Multi-chip devices can be fabricated faster and more cheaply than a corresponding single integrated circuit, which incorporates the same or different functions. Current multi-chip module construction typically consists of a printed circuit board substrate to which a series of separate components are directly attached. This technology is advantageous because of the increase in circuit density achieved. With increased density comes improvement in signal propagation speed and overall device weight required for the consumer electronics application, such as in cellular phones, and personal digital assistance (PDA). While integrated circuit density increases at a significant rate, the interconnection density has become a significant limiting factor in the quest for miniaturization. Key features that are required in the minimization are high density circuit packing, low cost, reliable interconnect methodology and small package profiles.

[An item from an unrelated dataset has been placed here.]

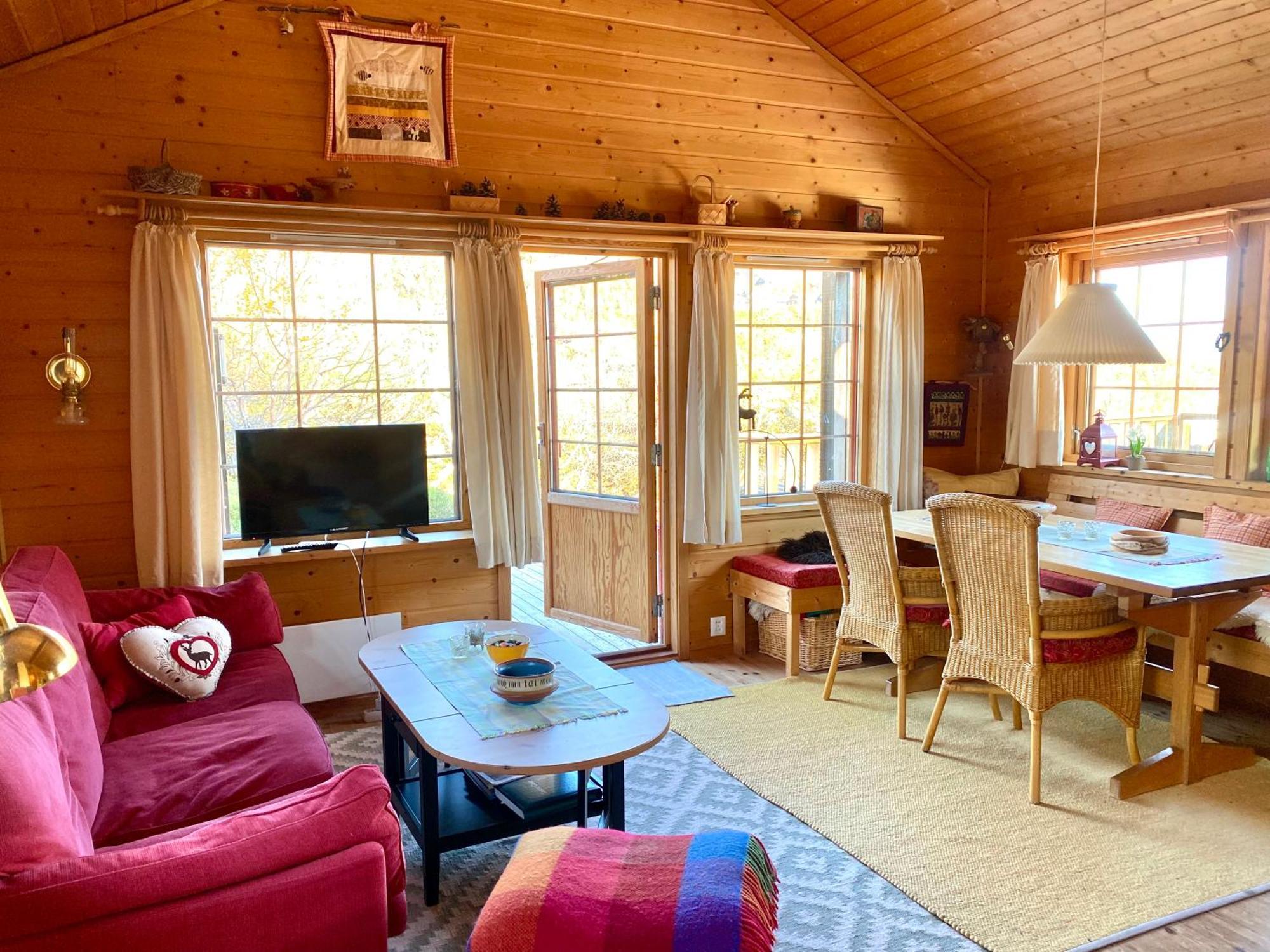 Haukeli Mountain Cabin Vågsli Kültér fotó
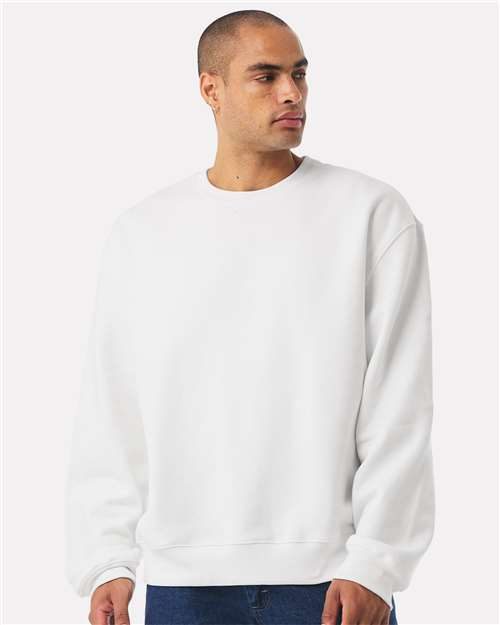 BELLA + CANVAS 4711 - Unisex 10 oz. Heavyweight Crewneck Sweatshirt BELLA + CANVAS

Multi-chip modules (MCM), chip scale packages (CSP), or package-in-package (PIP) usually use the wire bonding method or solder bump flip-chip method. Wire bonding increases the overall package thickness, width, area, and footprint. Solder bump flip-chip bonding is subject to integrated circuit damage problems and cannot form stacked integrated circuit packages.
Thus, a need still remains for an integrated circuit package to reduce the package size, prevent integrated circuit damage, and stud bump deformation as well as allow multi-stack flip-chip packages. In view of the ever-increasing need to save costs and improve efficiencies, it is more and more critical that answers be found to these problems.
Solutions to these problems have been long sought but prior developments have not taught or suggested any solutions and, thus, solutions to these problems have long eluded those skilled in the art.